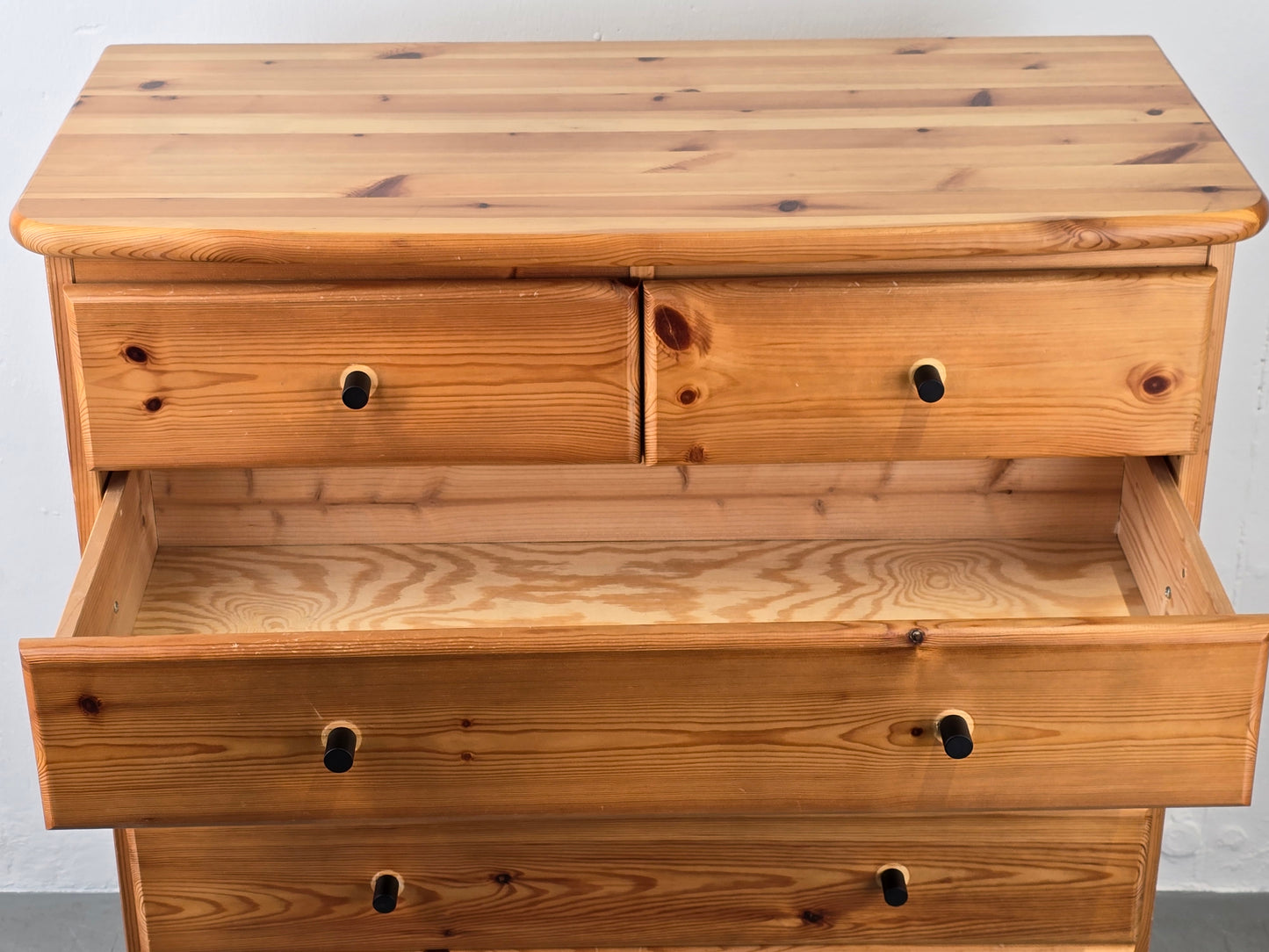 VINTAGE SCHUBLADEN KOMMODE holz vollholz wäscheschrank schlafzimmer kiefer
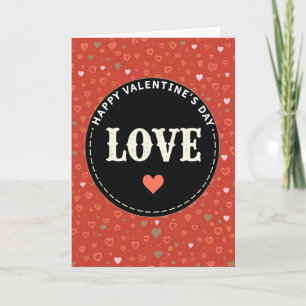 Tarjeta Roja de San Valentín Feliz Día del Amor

● ● ● ●

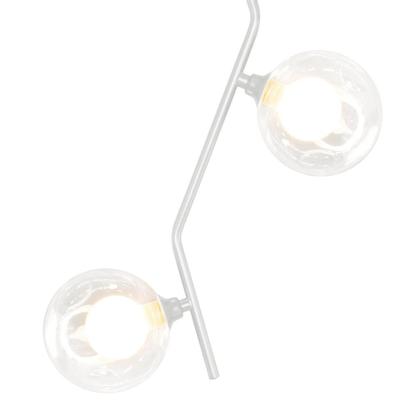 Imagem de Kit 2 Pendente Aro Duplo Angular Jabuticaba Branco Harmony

● ● ● ●

In the data above, the stretch from the line with "VINTAGE SCHUBLADEN KOMMODE" through the line with "Tarjeta Roja de" is to be returned exactly, minus any pictures.

 VINTAGE SCHUBLADEN KOMMODE holz vollholz wäscheschrank schlafzimmer kiefer
 Tarjeta Roja de San Valentín Feliz Día del Amor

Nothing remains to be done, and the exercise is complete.